> **What the task requires**: Beginning with the first line, return the material verbatim and without pictures.

> **Data provided**:

· · ·

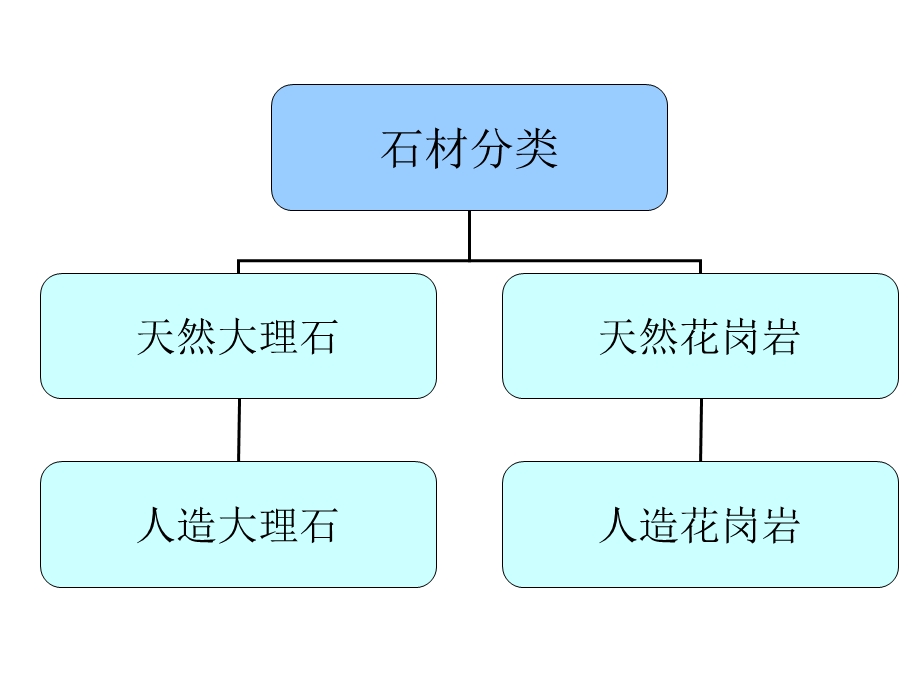 景观铺装材料大全(道路广场常用铺装面材)83p.ppt_第3页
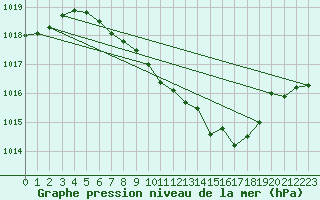 Courbe de la pression atmosphrique pour Muehlacker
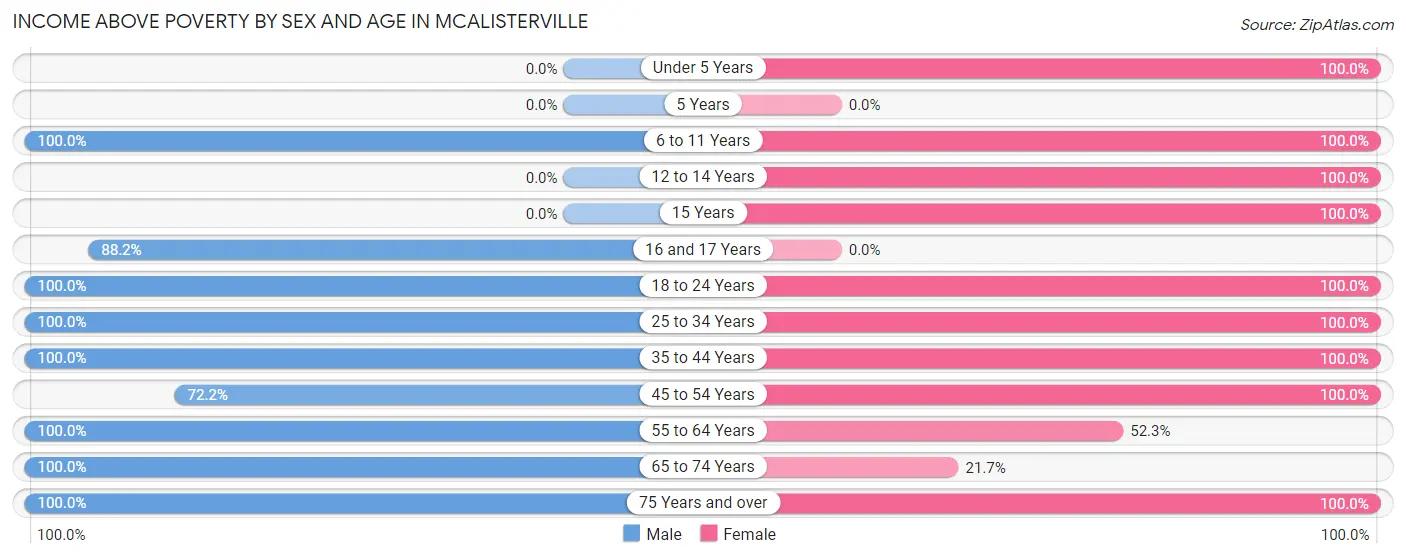 Income Above Poverty by Sex and Age in McAlisterville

· · ·

> **Answer**:
 景观铺装材料大全(道路广场常用铺装面材)83p.ppt_第3页
 Courbe de la pression atmosphrique pour Muehlacker
 Income Above Poverty by Sex and Age in McAlisterville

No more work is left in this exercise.